Average pass rate was approximately 52% and average TLD ratio for both targets had slightly improved. As the treatment field increased to cover the target, the pass rate statistically significantly fell. Lower pass rates were observed for Mevion machines, scattered irradiation techniques, and gating and internal target volume (ITV) motion management techniques. Overall, the accuracy of the random forest modeling of the phantom results was approximately 73% ± 14%. The most important predictor was the superior-inferior extent for both targets and irradiation year. Three failure modes dominated the failures of the phantom: (1) systematic underdosing, (2) poor localization in the superior-inferior direction, and (3) range error. Only 44% of failures have similar failure modes between the 2 targets.

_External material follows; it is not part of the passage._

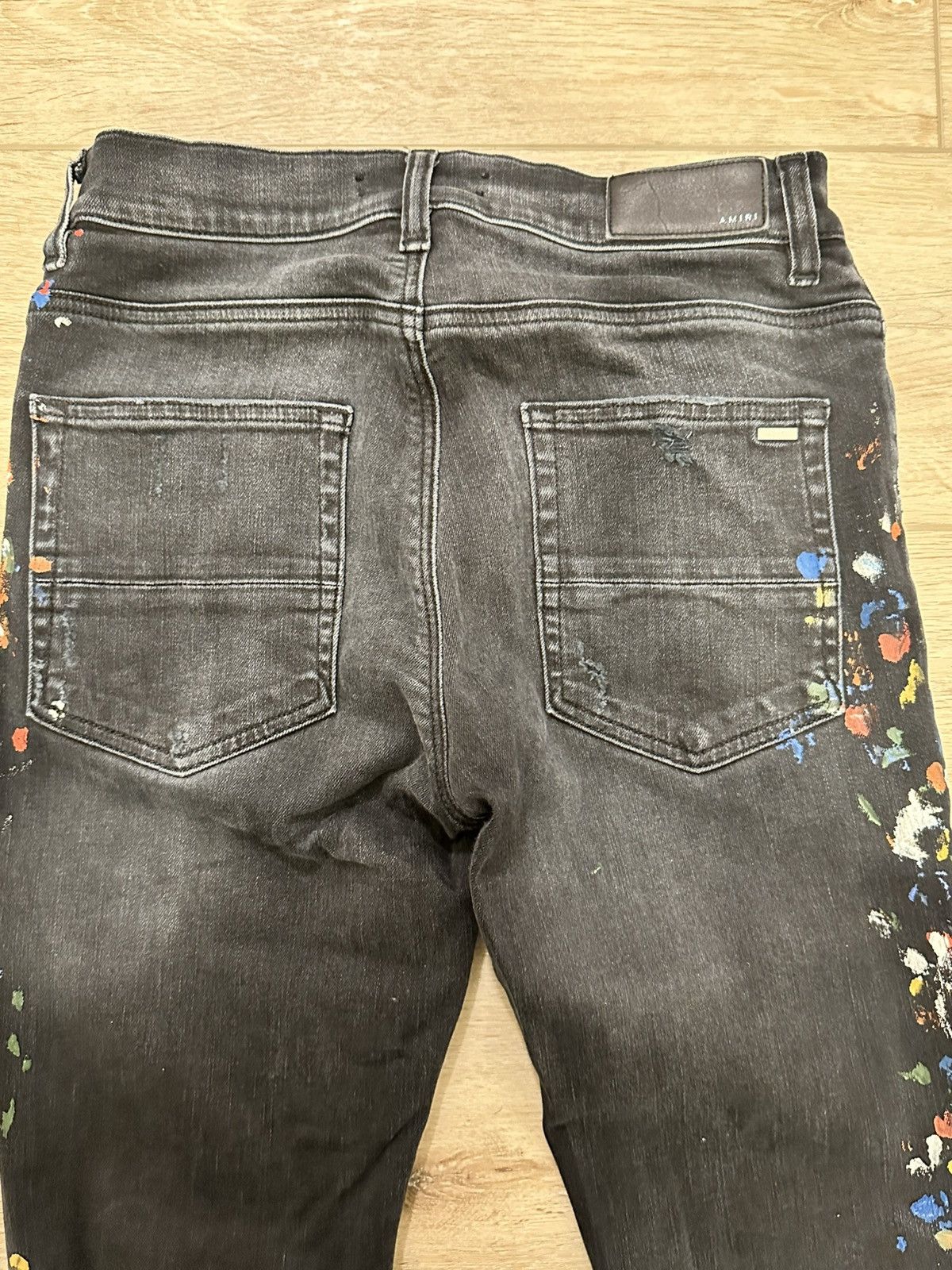 Amiri Amiri MX1 Paint Splatter Aged Black Denim Size US 30 / EU 46 - 4 Thumbnail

Improvement of the proton liver phantom has been observed; however, the pass rate remains the lowest among all IROC phantoms. Through various analysis techniques, range uncertainty, motion management, and underdosing are the main culprits of failures of the proton liver phantom. Clinically, careful consideration of the influences of liver proton therapy is needed to improve phantom performance and patient outcome.
Introduction
The Imaging and Radiation Oncology Core’s (IROC’s) anthropomorphic phantoms are used as an end-to-end quality assurance test of radiation therapy delivery following the institution’s clinical workflow [1–3]. This includes phantoms used for proton therapy clinical trial quality assurance, the importance of which has increased as proton therapy use and availability have increased in the past 30 years. IROC currently has proton phantoms for 6 anatomical sites [4]: brain, head and neck [5], prostate, spine [6], lung [7–9], and liver [9]. The pass rates for these phantoms tend to lag behind those of their photon beam counterparts [10–12], so understanding how to improve these pass rates is essential towards not only helping clinics improve their clinical workflow, but also increasing enrollment in and adherence to National Cancer Institute–sponsored clinical trials for proton therapy.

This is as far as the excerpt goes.